Lev 23:1, 4-11. 15-16. 27. 34-37; Mateo 13:54-58

Homilía

           A la edad de treinta años, Jesús había dejado su pueblo natal de Nazaret en Galilea para ir a Judea.  La razón inmediata no se da en el Evangelio.  En cualquier caso, en aquella época había, como siempre, un movimiento de personas hacia Jerusalén, la capital, especialmente desde el interior de Galilea.  Jesús está en Jerusalén en el momento en que toda Jerusalén baja al río Jordán, en la región de Jericó, para ser bautizada por Juan.  Él mismo se bautiza y escucha la voz del Padre: "Tú eres mi hijo amado, en quien me complazco".  Entonces Juan dice a sus discípulos: "Este es el Cordero de Dios".  Varios discípulos de Juan se unen a Jesús y éste llama a otros.  Después de un ayuno de cuarenta días en el desierto, parte de nuevo hacia Galilea, donde predica y cura a los enfermos primero en la gran ciudad de Cafarnaúm.  Finalmente, un día regresó a su pueblo y comenzó a enseñar en la sinagoga.  Esto es una sorpresa para todos.  Esta sorpresa muestra que hasta ese momento nada en la vida de Jesús en Nazaret lo había distinguido.  Sin duda había celebrado fielmente con sus padres y parientes todas las fiestas del año mencionadas en la lectura del Libro del Levítico que acabamos de escuchar.
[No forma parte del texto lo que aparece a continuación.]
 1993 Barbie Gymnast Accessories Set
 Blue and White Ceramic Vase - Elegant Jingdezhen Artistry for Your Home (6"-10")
Probablemente también había asistido regularmente a la sinagoga local para escuchar las enseñanzas de los doctores de la Ley. Por eso, cuando empezó a predicar y a curar a los enfermos, la gente se preguntaba: "¿De dónde ha sacado esa sabiduría y esos milagros?

           La gente de Nazaret pensaba que lo sabía todo sobre Jesús porque conocía todos los detalles externos de su vida.  Lo conocían como el hijo del carpintero del pueblo, conocían a su madre y a todos los demás miembros de su familia.  No podían imaginar que había más en Él de lo que parecía.  Menos aún podían imaginar que Dios le había encomendado una misión especial.  Su falta de fe le impidió realizar muchos milagros para ellos, ya que los milagros de Jesús solían consistir en hacer fructificar la fe de los que se acercaban a él. 

           ¿Y qué hay de nosotros mismos y de nuestra actitud hacia aquellos con los que vivimos o nos encontramos?  Sabemos mucho de nuestras hermanas o hermanos.  Los hemos visto en directo durante mucho tiempo.  Conocemos sus cualidades, y probablemente aún mejor sus defectos.  Por desgracia, no conocemos todo el potencial de crecimiento que hay en ellos.  No vemos su capacidad de conversión.  Por eso, cuando se produce en ellos un crecimiento humano y espiritual, nos decimos: "¿Qué puede estar pasando?  -- ¿De dónde saca eso? -- y entonces a menudo no permitimos que se produzca el milagro de la transformación o el crecimiento o, al menos, que dé frutos.

           En una comunidad, y tal vez más en una comunidad de clausura, menos bombardeada por las novedades diarias, retenemos fácilmente el recuerdo de lo que eran nuestras hermanas o hermanos hace un año, o hace cinco, o hace diez, y no siempre vemos lo que la gracia ha hecho en ellos a lo largo de los años.  "¡Siempre es así! Me lo hizo el día de Pascua, hace cuatro años!..."

           La fe en Dios, para ser verdadera, debe ir acompañada de la fe en el otro.  Pidamos a Dios que nos permita ver todas las posibilidades de crecimiento que ha puesto en nuestros hermanos y hermanas.  Pidámosle tener en ellos la fe que permita que se produzcan todos los milagros de conversión y crecimiento.